Digital wellbeing and deglamourising choice [WorldChanging]

Digital Wellbeing
“In our consumer experience, there are three things we value tremendously: choice, results and access,” writes Sarah Rich on “Each of these aspects feeds a cycle of spending, unpredictable satisfaction, and eventual disuse. Reducing overconsumption has to go beyond trying to make consumers want less, to giving their desire a new and more appealing target.”

“A number of innovative teams (concentrated particularly in London) have been developing systems and infrastructure that can unsnarl the consumer paradox and take simplicity and sharing into trendsetting domain. At London Design Week, a company called Digital Wellbeing (blog) debuted with a “digital lifestyle” retail concept that puts heavy emphasis on the relationship between user and object, and the streamlining of options to facilitate more authentic customer satisfaction while marketing less stuff.”

“Digital Wellbeing Labs doesn’t directly address sustainability, but they do address a number of market issues whose transformation would shift consumer experience from the root, changing the way we form and pursue our desire to own things. “

“All in all, the concept is a smart formula for a new consumer future, in which ubiquitous digital commodities don’t come with a clutter of useless features and marketing hype. Because electronics manufacturers target early adopters, say the DWB curators, product competitiveness currently boils down to how many fancy functions a new product can be packed with. The Digital Wellbeing rebellion, then, preceeds early adoption, hitting the consumer who hasn’t yet been told what to want.”

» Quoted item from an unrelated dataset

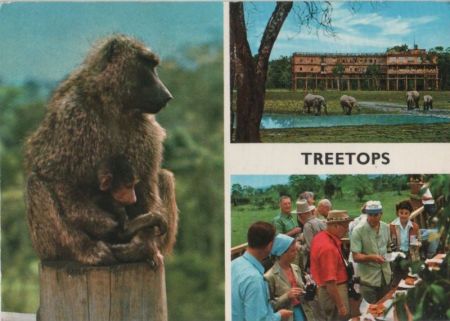 Kenia - Aberdare-Nationalpark, Treetops Hotel - ca. 1980 Kenia - Aberdare-Nationalpark, Treetops Hotel - ca. 1980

“For an individual, this model has fairly clear appeal: it’s more customised and personally-relevant. But higher up the production chain, this argument isn’t currently an easy one to win. Nevertheless, Digital Wellbeing seems to be forging ahead without a doubt that it’s possible to transform patterns all the way from concept through production, to sale and use; it’s only a matter of proving — as with nearly everything in a sustainable future — that the end result of changing old habits is an increased quality of life.”